Still not back on the bike but went on a family walk today c.4 miles. Lots of social distancing. 
Hoping that I’ll try getting on the bike (1st via Zwift) this week.


----------



## Maverick Goose (29 Mar 2020)

Yellow Saddle said:


> I walked to the fridge and looked inside a few times.


What were you expecting to find?...

View: https://www.youtube.com/watch?v=icMLt8HLL9I


----------



## wafter (30 Mar 2020)

I've done about 62 miles on the road bike and a further 20ish mincing around on the town bike, with a couple of hours walking this afternoon. 

Mustn't grumble


----------



## steveindenmark (30 Mar 2020)

icowden said:


> Anyone else doing cycling as their prescribed exercise for lockdown?
> 
> The BiL and I went out today for a long ride (out through cobham, then down through Ockham, East Clandon, Gomshall, and then back up. It nearly killed me. I haven't been out in a while plus those Surrey hills are HILLY. I mean SERIOUSLY HILLY.
> 
> ...


Do you live with your brother in law?

My BiL came back 2 weeks ago from a 3 month deployment to Africa. Unfortunately we have not been able to meet up since he got back.


----------



## icowden (30 Mar 2020)

steveindenmark said:


> Do you live with your brother in law?



Nope, but he and his family live about 5 minutes away and they see us most days, so if one of us had it we'd already all have it.
Plus we were a group of no more than 2 people which is allowed :-)


----------



## steveindenmark (30 Mar 2020)

icowden said:


> Nope, but he and his family live about 5 minutes away and they see us most days, so if one of us had it we'd already all have it.
> Plus we were a group of no more than 2 people which is allowed :-)

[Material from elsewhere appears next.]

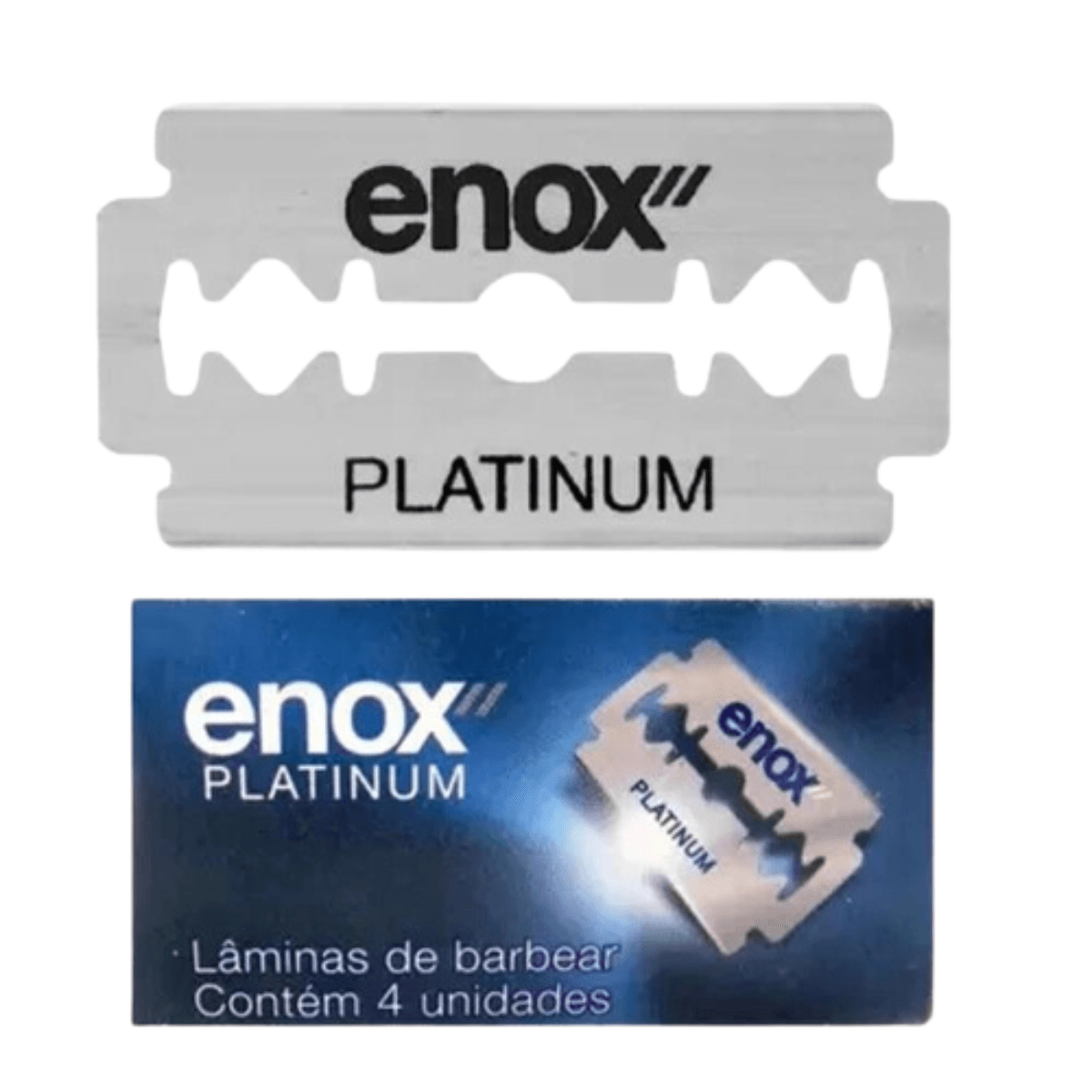 Lamina Duplo Fio Enox Platinum 4 Unid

Yes you are allowed 2 people from the same household. Not the same family.

But if neither of you have it. Or so you believe. But one of you go out today and get it. Then you are going to spread it between 2 households. Does that make sense to you?


----------



## vickster (30 Mar 2020)

Indeed, unfortunately you really should not be seeing your BIL and family at all currently - except virtually 

Have you not seen Chris Whitty's ad which is on every channel many times a day - do not see anyone outside your household even family and friends (or similar).


----------



## PeteXXX (30 Mar 2020)

Just under 5 miles of fairly briskish walking, dropped a few essentials on isolated daughters doorstep, and had a chat from the roadside. 
I walked past the Weston Favel centre and B&M, and they're both only allowing a few people at a time through the doors. (I wasn't planning to go in, anyway) 
Back through a quiet Lings Woods.


----------



## icowden (30 Mar 2020)

steveindenmark said:


> Yes you are allowed 2 people from the same household. Not the same family.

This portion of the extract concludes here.